29 Dec
29Dec

When life hands you lemons...

The old adage doesn't quite feel appropriate for the upheaval that has wrought our world this year. Life has turned upside down, many of us are balancing all responsibilities from our living room couch, facing the constant daily threat of serious illness and loss, and we can't safely commiserate around a table with our family and friends. While a global pandemic has raged on for most of the year, we have also faced a reckoning as a country in response to the ongoing violence perpetrated against black and minority lives, and a growing political divide that has severed friendships and families. This has all been hard. We are tired, defeated, and ready for some semblance of "normal." Or maybe not normal. Maybe something new, where the myriad threats we currently feel are not so weaved into the fabric of our everyday lives.
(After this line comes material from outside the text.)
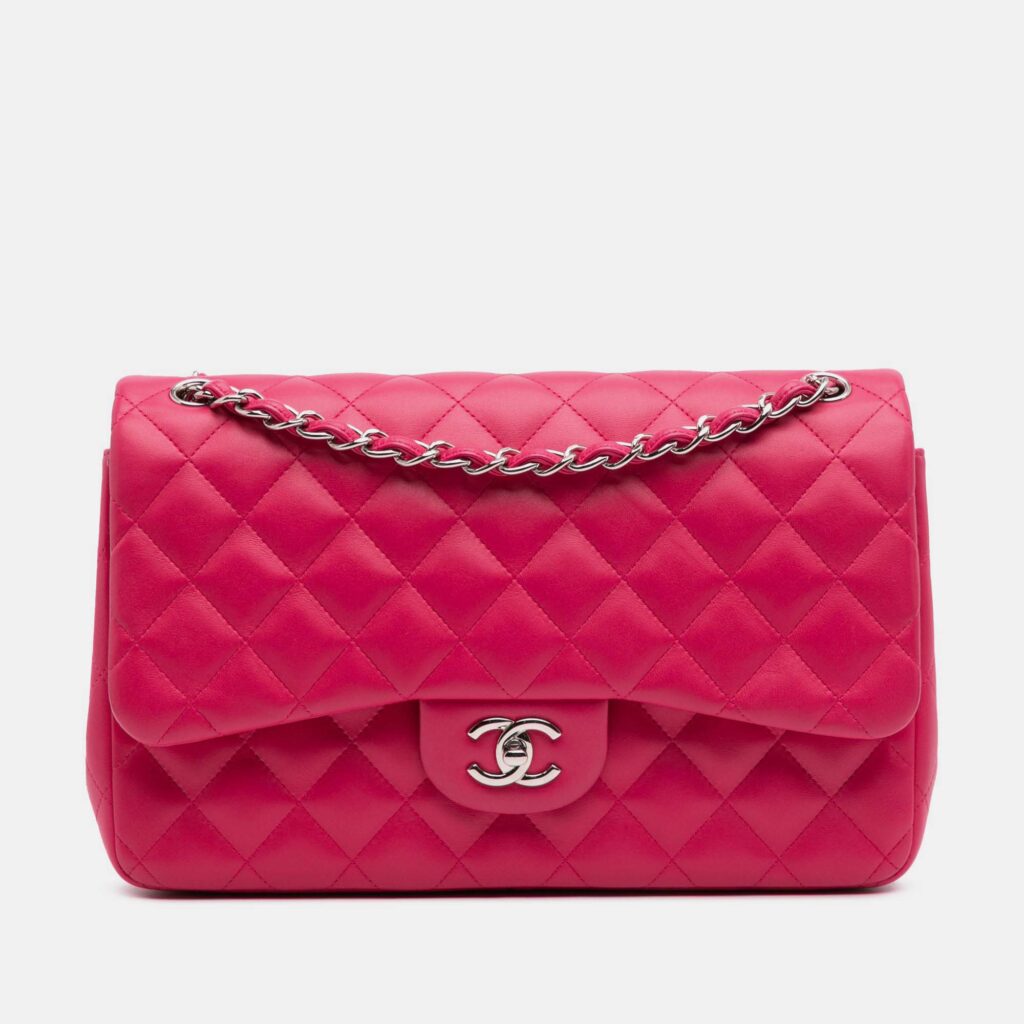 Chanel Classic Double Flap Jumbo Pink Lambskin Shoulder Bag Chanel Classic Double Flap Jumbo Pink Lambskin Shoulder Bag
It is tempting to believe that as soon as the clock strikes midnight this December 31st, magic will befall the planet, and things will start to feel okay again. I have seen countless bumper stickers, Christmas ornaments, and memes demonizing the year 2020, giving it full responsibility for our plight. I, too, have found myself daydreaming about how a new year will bring an end to at least some of the suffering of the past year. But what if nothing is different on Friday morning? How attached are we to the idea that things MUST feel "better" in 2021?

Death and rebirth are the only constant; it's the cycle of life. Nothing stays the same. We reinvent ourselves, birthing new versions of who we are on a regular basis. The seasons show us beautifully how letting go and falling dormant leads to blooming as soon as conditions are right. Life is a series of hellos and goodbyes, beginnings and endings. It's how we navigate these that really matters. Saying goodbye to 2020 inevitably means welcoming 2021. What expectations do we already have for the new year? After months at home with ourselves, what have we really learned?

Let us be intentional about what we say goodbye to in 2020. Let us allow in all of the lessons that came out of this year and make room for the changes that are begging to be made. I would argue that 2020 has not been a curse, but a teacher. It has reflected back to us, individually and collectively, who we are and what we need, and it has forced us to FEEL it all. 

Some reminders I hope to carry with me into the new year:

  1. We can do hard things (Thank you Glennon Doyle).
  2. Being willing to be gently but fully present is a form of self-kindness.
  3. I don't always have to choose between career and family (and sometimes I do). It turns out I can be mediocre at both, if pressed to do them both at the same time. Mediocrity is usually enough.
  4. If I'm not making time for something in my life, maybe it isn't actually a priority for me in this moment, and I can give myself a break.
  5. It turns out there aren't THAT many material things I really need. This becomes glaringly clear the more I sit amidst my piles of things every day, missing out on who and what really matter.
  6. True compassion involves staying in my own business and living my own life, while allowing other people to live theirs, whatever version they choose.
  7. Truth evolves. What is true on Monday might not be what is true on Friday. I am willing to be open to and flexible with a changing reality. If I find myself fighting reality, I will lose, but only 100% of the time (Thank you Byron Katie).
  8. I must take care of my body. I only have this one. I vow to listen to it, feed it, water it, and be mindful of what I expose it to. 
  9. Privilege is not a scarlet letter. It is our unchosen place in society, from which we can either be complicit with the status quo or, with awareness and courage, choose to promote change and build equality. I will use my voice when I see injustice.
  10. We will get to the other side of this. No one knows exactly what the other side looks like, or when exactly we will arrive. The uncertainty of it all is scary. But, we are in it together.

Sending peace, light, and love. See you in 2021.